Le conflit syrien n’en finit plus. Alors que les rebelles mènent actuellement la «bataille des aéroports» dans la région d’Alep, le président syrien, Bachar al-Assad, est convaincu de sa victoire face aux «groupes terroristes extrémistes». Pendant ce temps-là, les Nations Unies s’alertent d’une telle escalade de violences.

Bachar al-Assad va gagner. En tout cas, il en est persuadé. Selon le journal libanais as-Safir, proche du régime syrien, le président assure qu’il va pouvoir stopper la rébellion au sein du pays. «Nous sommes convaincus que l’avenir nous appartient […]. La Syrie a la volonté de vaincre le complot», a-t-il affirmé devant des hommes politiques libanais.

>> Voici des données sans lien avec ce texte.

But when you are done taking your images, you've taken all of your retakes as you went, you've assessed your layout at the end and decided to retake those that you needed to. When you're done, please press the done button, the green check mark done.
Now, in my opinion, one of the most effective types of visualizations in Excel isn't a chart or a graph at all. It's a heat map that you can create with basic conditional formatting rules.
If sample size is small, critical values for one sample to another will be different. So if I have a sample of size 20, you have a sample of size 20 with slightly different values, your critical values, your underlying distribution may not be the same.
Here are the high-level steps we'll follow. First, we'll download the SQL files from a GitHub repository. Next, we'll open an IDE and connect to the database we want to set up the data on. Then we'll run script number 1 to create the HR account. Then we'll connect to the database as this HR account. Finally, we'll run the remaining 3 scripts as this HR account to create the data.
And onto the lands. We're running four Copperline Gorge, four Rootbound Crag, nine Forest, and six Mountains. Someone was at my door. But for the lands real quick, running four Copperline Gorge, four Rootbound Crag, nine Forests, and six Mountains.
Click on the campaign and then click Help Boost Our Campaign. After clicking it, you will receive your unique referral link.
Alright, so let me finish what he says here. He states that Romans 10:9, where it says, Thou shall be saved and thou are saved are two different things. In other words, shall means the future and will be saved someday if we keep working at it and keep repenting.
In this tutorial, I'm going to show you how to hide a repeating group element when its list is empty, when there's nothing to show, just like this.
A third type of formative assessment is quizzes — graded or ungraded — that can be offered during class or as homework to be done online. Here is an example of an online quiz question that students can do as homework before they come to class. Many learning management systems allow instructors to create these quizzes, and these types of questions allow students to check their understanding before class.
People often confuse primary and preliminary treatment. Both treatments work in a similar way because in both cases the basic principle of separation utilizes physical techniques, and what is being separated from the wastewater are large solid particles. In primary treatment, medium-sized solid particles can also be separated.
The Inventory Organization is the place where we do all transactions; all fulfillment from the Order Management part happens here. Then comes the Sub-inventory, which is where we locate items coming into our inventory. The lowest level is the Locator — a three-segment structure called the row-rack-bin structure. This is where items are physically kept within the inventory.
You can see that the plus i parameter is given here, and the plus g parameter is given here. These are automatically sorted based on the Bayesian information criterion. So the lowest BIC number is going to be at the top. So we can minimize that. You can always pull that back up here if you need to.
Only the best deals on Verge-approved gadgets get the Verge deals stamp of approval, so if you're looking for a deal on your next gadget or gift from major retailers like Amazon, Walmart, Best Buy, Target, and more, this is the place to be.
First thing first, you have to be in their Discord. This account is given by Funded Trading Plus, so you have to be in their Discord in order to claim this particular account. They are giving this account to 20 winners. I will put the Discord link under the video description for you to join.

Malgré l’avancée récente des rebelles, le président Assad se dit convaincu de pouvoir mener à bien la reconstruction du pays, miné par des «groupes terroristes extrémistes». S’il a notamment évoqué «les exploits politiques et militaires» du régime, il s’est montré prudent sur ses perspectives d’avenir. «Cela ne veut pas dire que tout est réglé», a-t-il déclaré.

Il s’appuie également sur le soutien, qu’il juge indéfectible, du peuple syrien. Les «fidèles» du régime représenteraient ainsi «la majorité absolue des Syriens» à en croire ses propos. Une aide nécessaire pour lui face à la rébellion, qu’il juge terroriste mais aussi instrumentalisée et financée par des pays étrangers comme l’Arabie Saoudite ou encore la Turquie.

La «bataille des aéroports», au cœur des tensions

Mais sur le terrain, ces rebelles avancent. Depuis vendredi, la «bataille des aéroports» fait rage dans les environs d’Alep. L’Observatoire syrien des droits de l’homme (OSDH) rapporte notamment que les insurgés se sont emparés d’un barrage militaire sur la route menant à l’aéroport international d’Alep.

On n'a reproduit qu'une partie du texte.